### Stored data
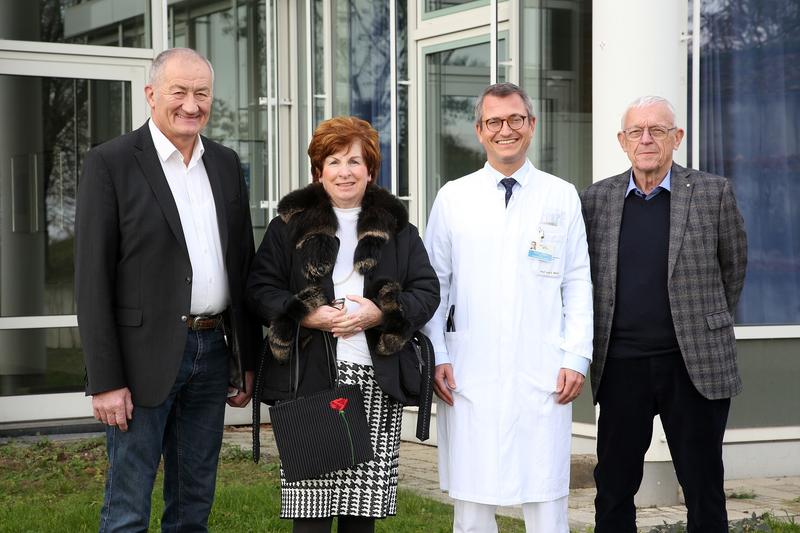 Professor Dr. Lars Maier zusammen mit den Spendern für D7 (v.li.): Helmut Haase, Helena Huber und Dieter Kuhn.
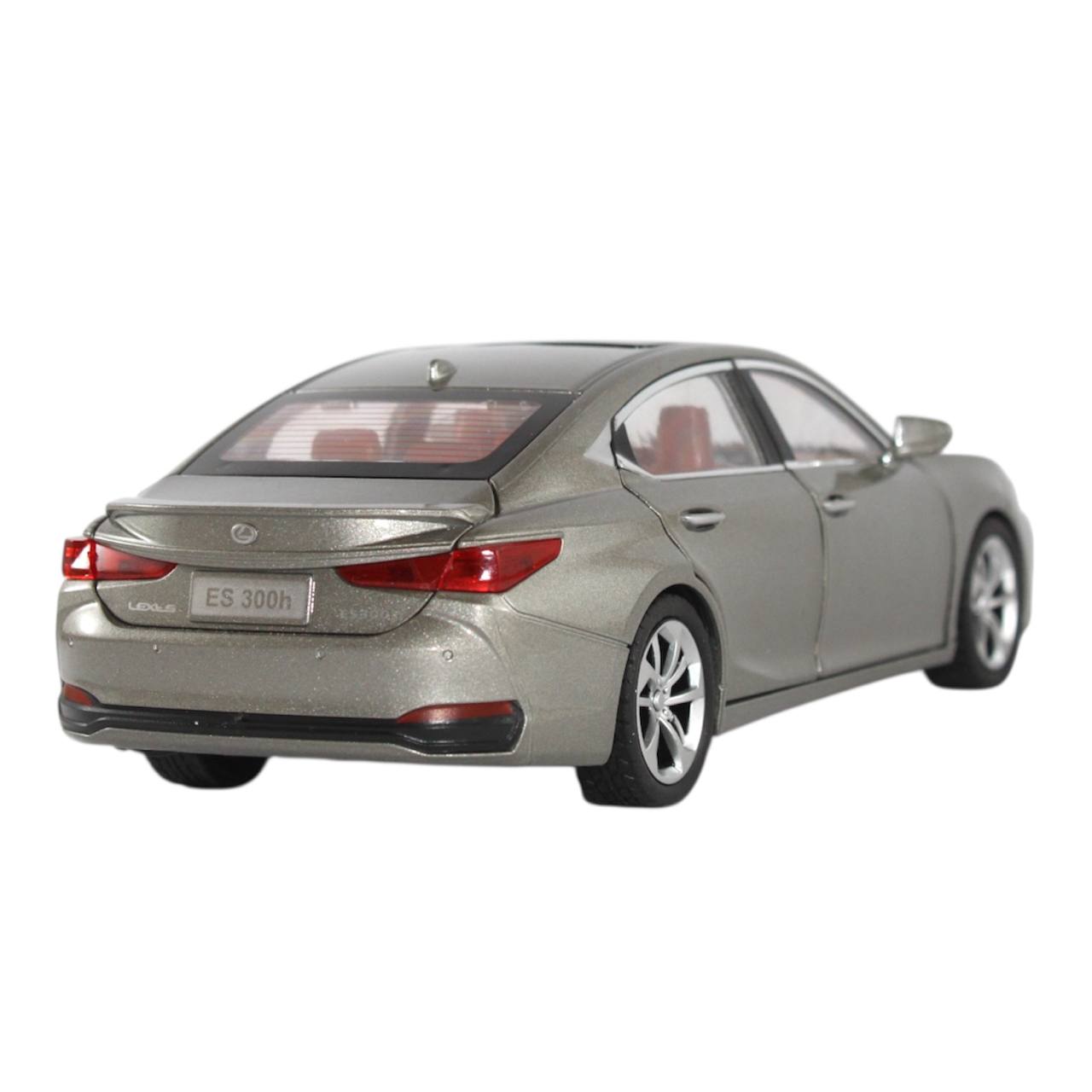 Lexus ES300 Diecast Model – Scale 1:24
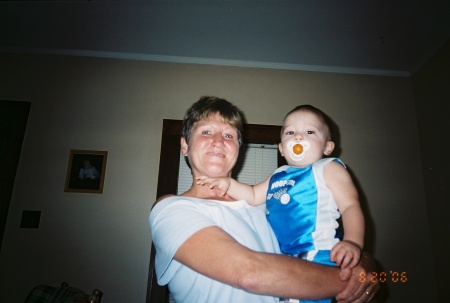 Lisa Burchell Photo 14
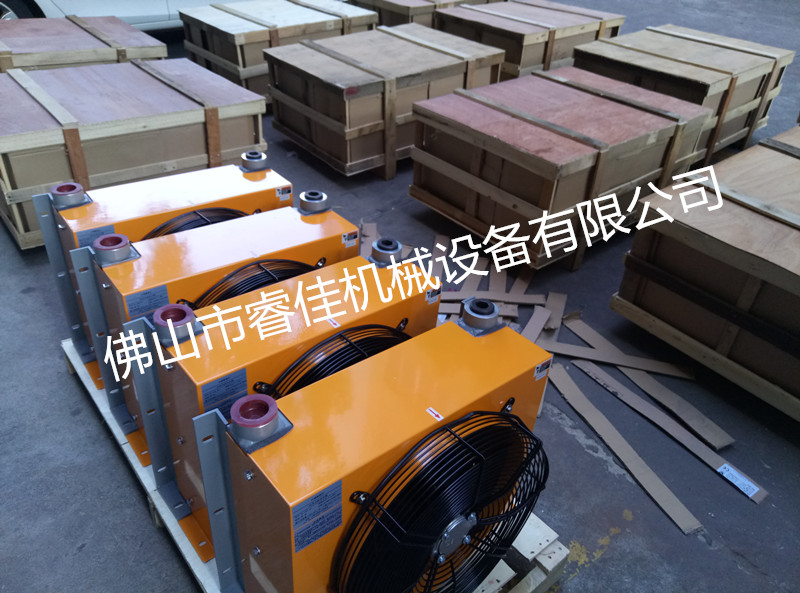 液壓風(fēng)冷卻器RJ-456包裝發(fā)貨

### Task objective
Your answer must be the full listing, reproduced word for word, without its pictures.

### Reply
 Professor Dr. Lars Maier zusammen mit den Spendern für D7 (v.li.): Helmut Haase, Helena Huber und Dieter Kuhn.
 Lexus ES300 Diecast Model – Scale 1:24
 Lisa Burchell Photo 14
 液壓風(fēng)冷卻器RJ-456包裝發(fā)貨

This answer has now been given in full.